● Your assignment
Please copy, exactly and with no pictures, only the lines from the one containing "Mode. Gulasch. Gute Zeit." through the last line of the records.
━━ Material provided
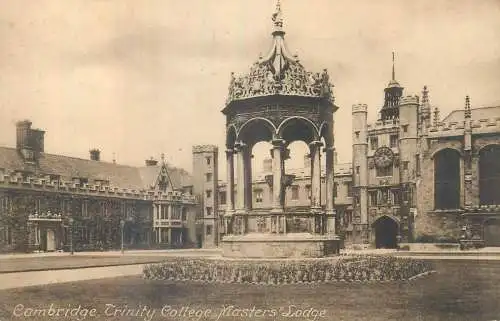 England Cambridge Trinity College Masters' Lodge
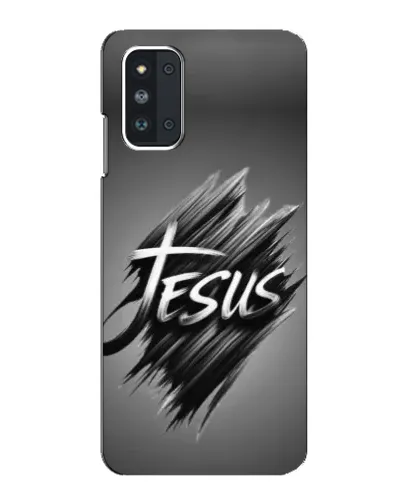 Чехол для Samsung Galaxy F52 5G (E526) с картинкой «Надпись Jesus Graffiti» Чехол для Samsung Galaxy F52 5G (E526) с картинкой «Надпись Jesus Graffiti»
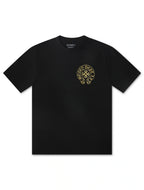 Money Dept. Vintage Old English Tee - Black/Gold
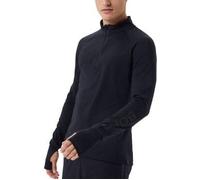 Björn Borg Midlayer Half Zip Sweatshirt Herren-Schwarz schwarz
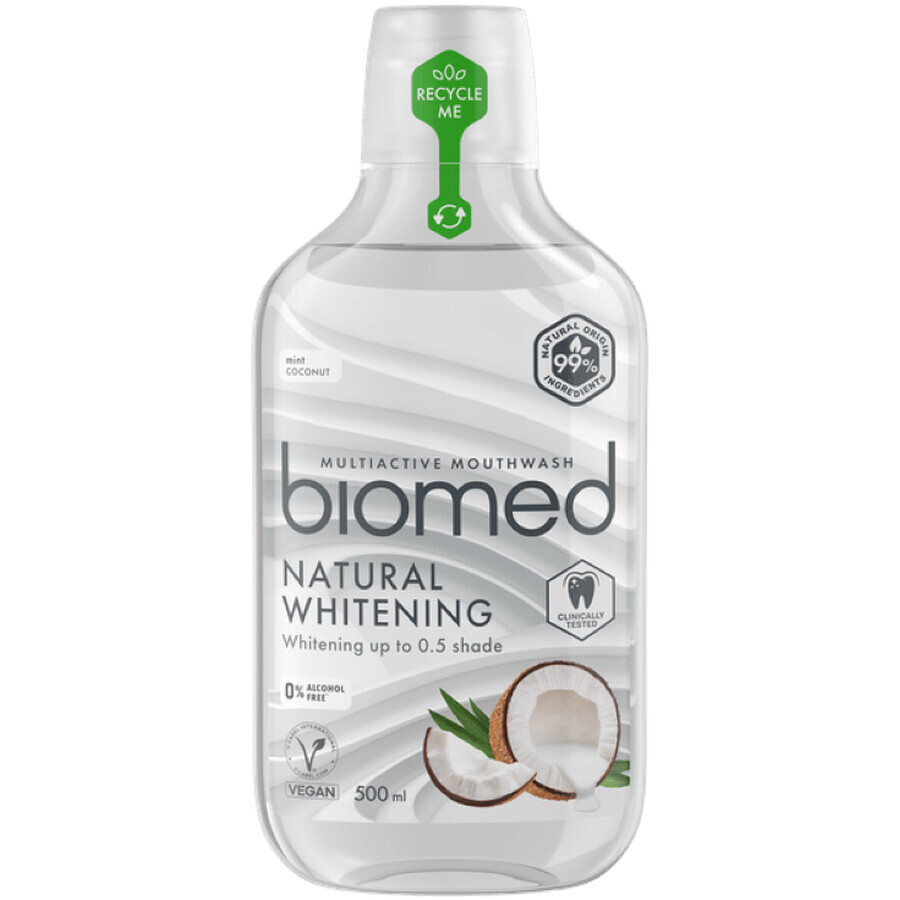 Biomed Colutorio Blanqueador Natural 500 ml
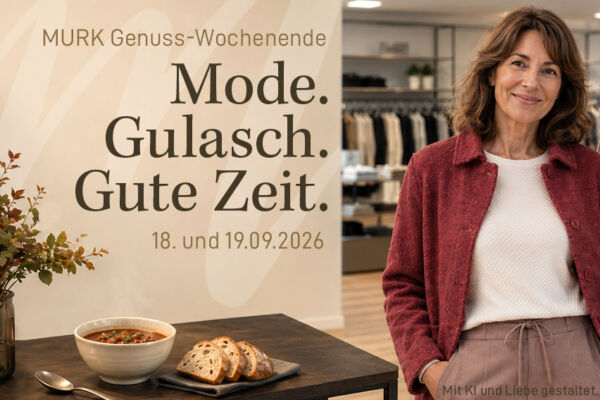 Mode. Gulasch. Gute Zeit.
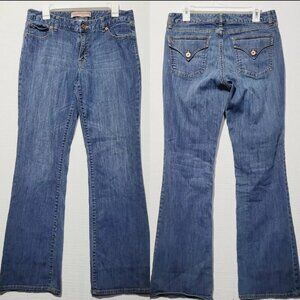 GAP JEANS Women's Size 12 12L L CURVY FLARE Bootcut Boot Regular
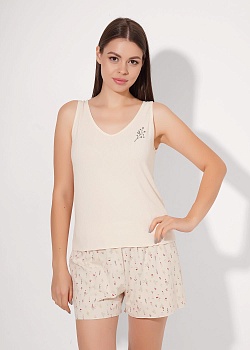 Комплект одежды майка + шорты для женщин Clever 185702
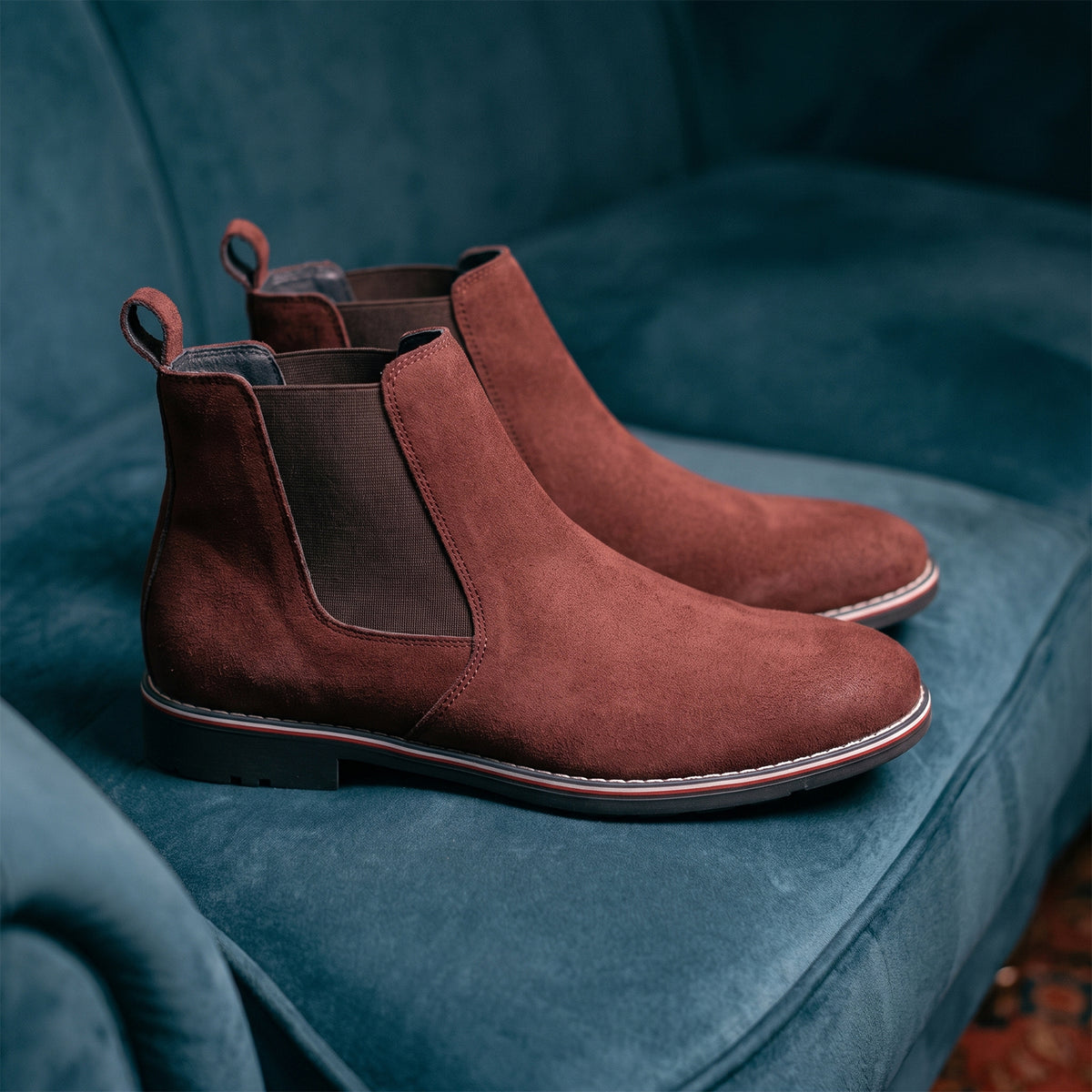 Men's Chelsea Boots - WGP26706 Brown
━━━━
● Answer section
 Mode. Gulasch. Gute Zeit.
 GAP JEANS Women's Size 12 12L L CURVY FLARE Bootcut Boot Regular
 Комплект одежды майка + шорты для женщин Clever 185702
 Men's Chelsea Boots - WGP26706 Brown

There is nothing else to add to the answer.